How they’re made. Carpets are made in one of three ways. Woven carpets are made with the tufts woven into the carpet backing. Tufted carpets have fiber loops (or tufts) inserted into a prewoven backing, while in non woven carpets, the tufts are bonded to the backing.

What they’re made of. Carpets are made of wool, a blend of silk and wool, and cotton, as well as a wide variety of synthetic materials, including acrylics, nylon, polyester, and polypropylene olefin (for indoor-outdoor carpets). Wool carpets are expensive, cotton inexpensive, while the synthetics vary, depending upon the quality. Natural fibers tend to stain more easily than the artificial ones. Most good quality carpets, regard­less of the fiber used, will hold their color and wear for many years.

Rugs vs. Carpets. Area rugs can be used in countless ways (for example, to define areas, add color or pattern, or to deaden sound). But the use of an area rug is really a design decision. Wall-to-wall carpeting, on the other hand, can be a principal flooring sur­face, and it’s wall-to-wall carpeting that we’re concerned with here.

Most wall-to-wall carpeting, regardless of its manufacturing process, is termed broadloom carpet because it leaves the factory in rolls of varying widths, typ­ically 9, 12, or 15 feet. A padding is laid beneath the carpet, then the carpet itself is attached to the floor at the perimeter of room, most often using a tackless strip.

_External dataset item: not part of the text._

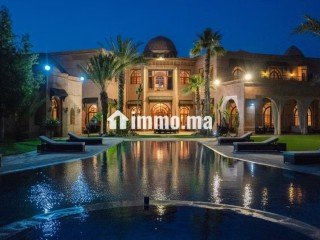 Un luxueux palais en vente à la palmeraie MARRAKECH - Appartement à vendre - Marrakech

Carpet needs to be laid in a relatively dry setting, since all but olefin carpets tend to absorb moisture. But the decision about what kind of carpet to use tends to be a very subjective one. Many people feel expensive wool carpets convey prestige; others swear that top-of-the-line nylon is indistinguishable and more durable, too. Look at the options and arrange for estimates from a carpeting contrac­tor. The balancing act of price, availability, texture, color, and pattern should bring you to your decision.